Change management is pretty well understood. In this context, it’s got a couple of discrete pieces. There’s a piece around top-down sponsorship that’s really about making everybody comfortable that this is OK, that it’s sanctioned, that it’s secure, that it’s reliable, that we’re going to use it to solve real business problems—it’s not just a toy.

There’s a piece around awareness, helping every employee understand that this capability is available to them. Of course, it’s much easier if you have an enterprise license agreement with any vendor of this kind of technology, so you don’t have to worry about paying extra if too many people use it.

And then it’s really use-case identification. What kind of business problems can we solve with this? How will we prioritize the ones to go after? Are they very broad, horizontal use cases that are just related to sharing information with a vendor or with our colleagues in Tokyo? Or are they more narrowly focused use cases around the automation of a business process or some regulatory compliance burden?

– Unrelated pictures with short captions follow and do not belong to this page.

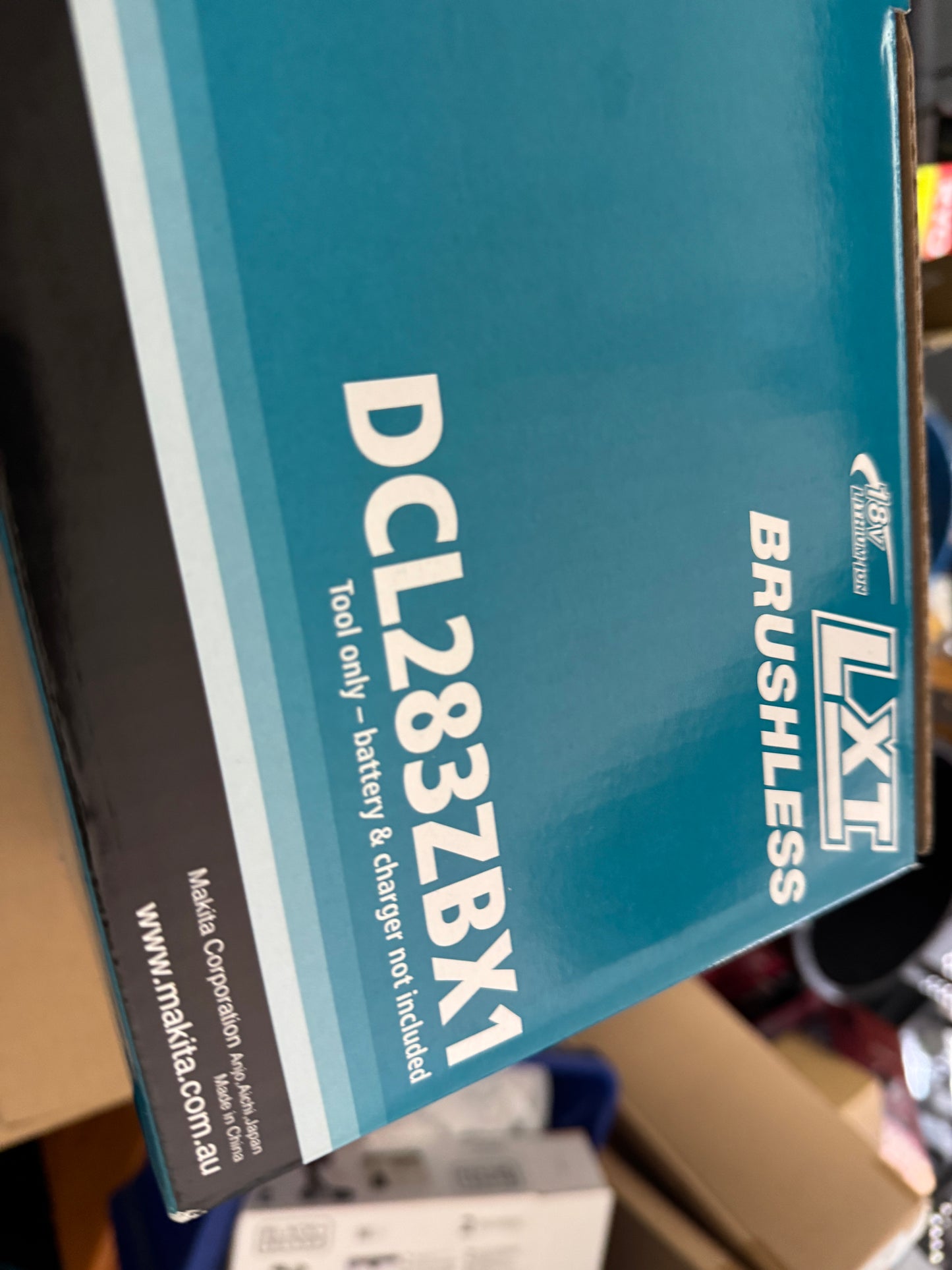 Makita 18V Li-ion Cordless Brushless Stick Vaccum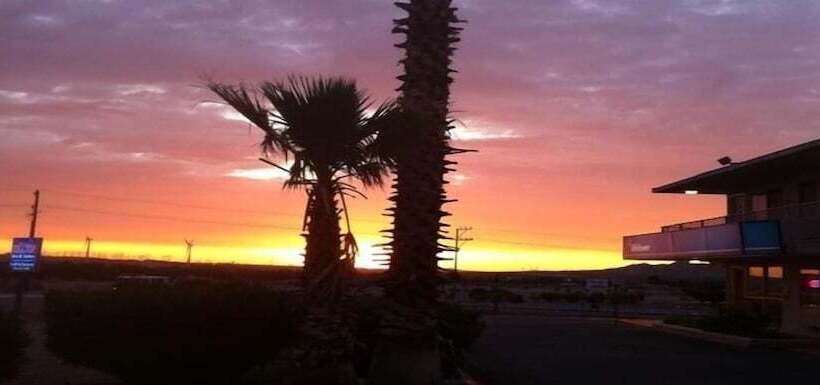 فندق Hilltop Inn & Suites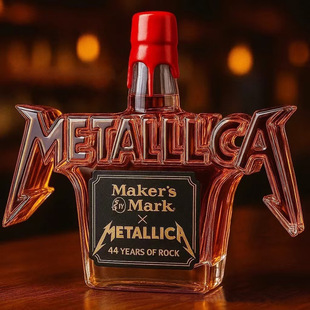 跨境新款METALLICA“44 YEARS OFROCK 44年摇滚限量版威士忌酒瓶
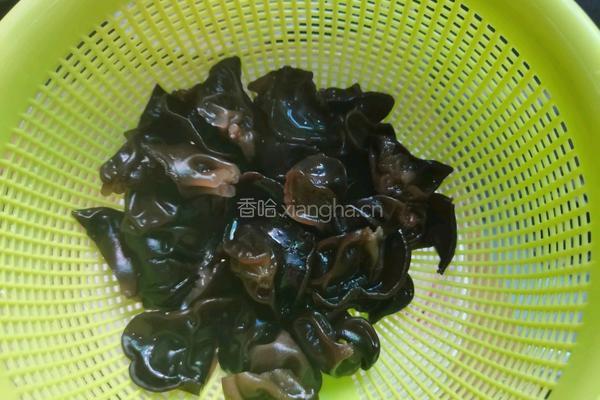 木耳炒莴笋的做法图解10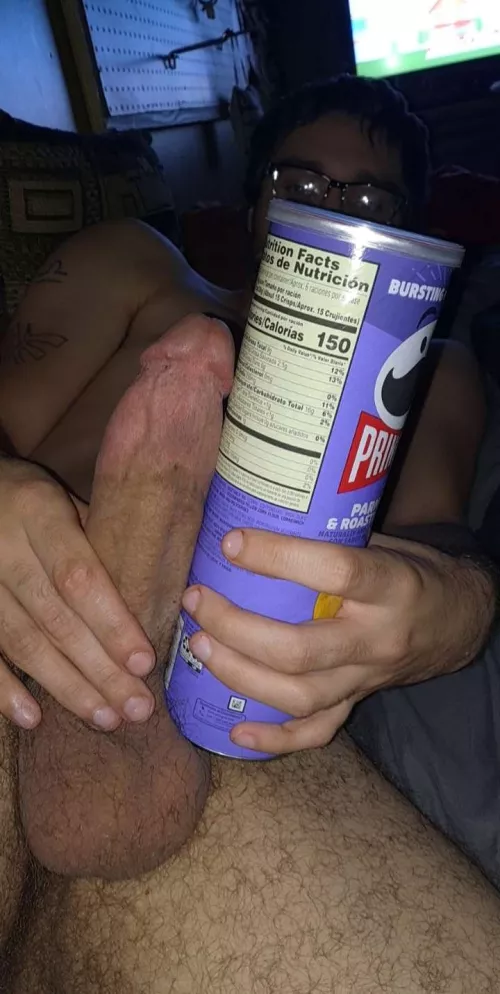 21m looking for a female to show who her master is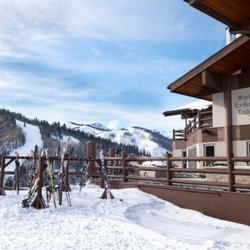Stein Eriksen Lodge - Mountain views
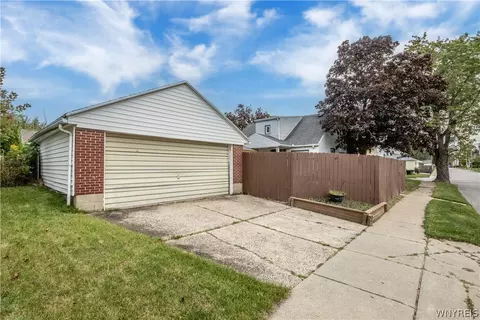 Exterior - 282 Longnecker St, Buffalo, NY 14206 photo 5 of 12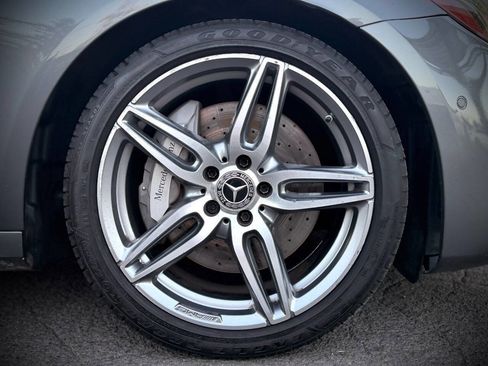 Used 2018 Mercedes-Benz E 300 w/ Premium 1 Package image 18
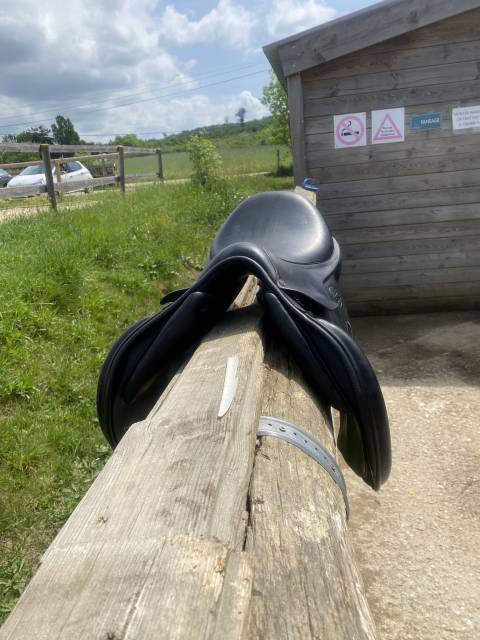 Selle obstacles Eric Thomas 17 pouces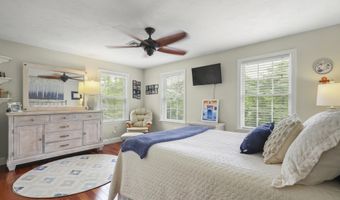 5 Lancaster Ln, Bourne, MA 02532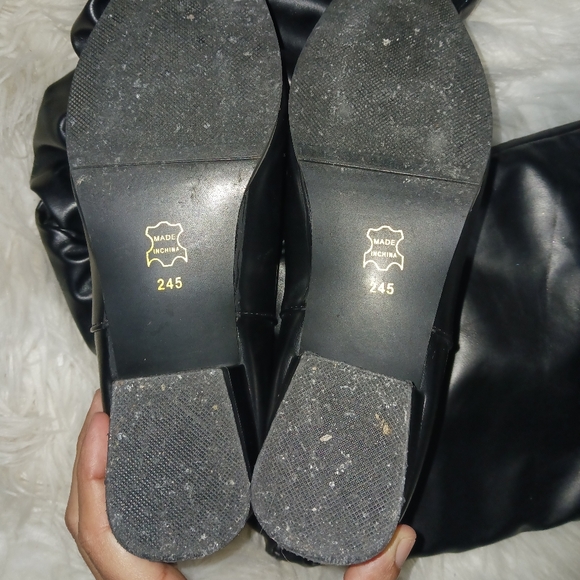 Women Black slouchy flat knee boots - Picture 10 of 12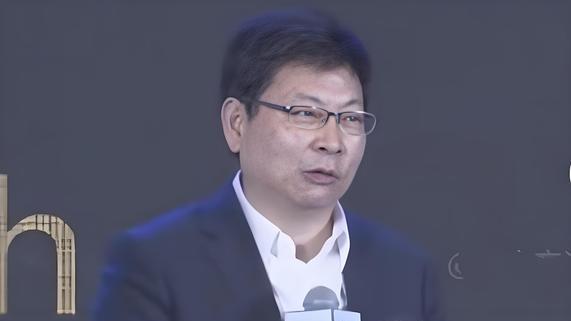 余承东疑似睡觉开车？曾扬言智驾可以打盹，交警回应：不允许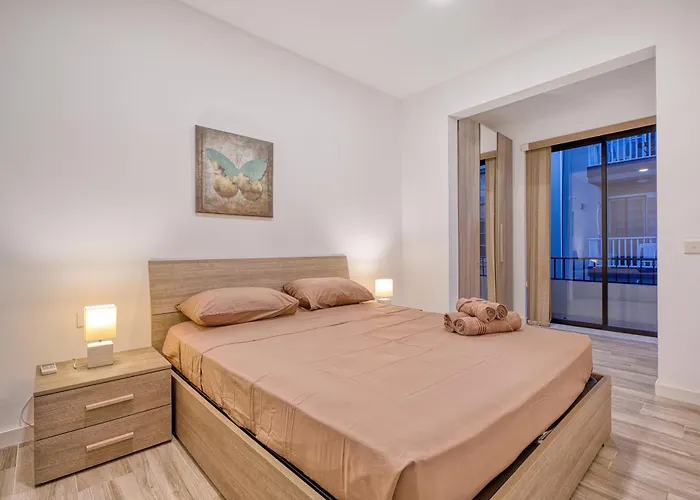 Modern In Next To The Sea Διαμέρισμα Σλιέμα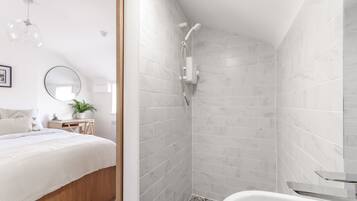 Cobertura superluxo, 2 quartos, suíte, vista para a cidade | Banheiro | Chuveiro, produtos de toalete grátis, secador de cabelo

Technology in business partnerships

Partnerships come in roughly two flavors: short term and long term. Short-term partnerships, or transactions, might relate to mergers and acquisition, or to the production of a particular movie, to the creation of a joint venture, something like that. That kind of problem is brilliantly solved by cloud-based solutions in general, and by Box in particular, because the ability to set up and tear down quickly and easily and securely and reliably is very important, especially if these things are short-lived, a couple of months, say.

On-premises technologies are horrible in those situations because it takes heavy lifting to get started, and then you’re going to tear it down in three months. But Box is also a very good platform to facilitate what I would call longer-term collaboration—for example, a marketing team working with an advertising agency, a legal team working with an outside law firm, an automobile manufacturer working with a parts supplier. In those cases, you’ve got a document-based collaboration problem that needs a tool that works easily across organizations and through the corporate firewall, particularly if there are three or four or more companies involved in a given project, which is very common in film production, for example.

Cloud-based tools like Box are brilliant in those kinds of situations because it’s much easier to deal with authentication—provisioning and de-provisioning of users, et cetera, even in a fairly complicated environment like that.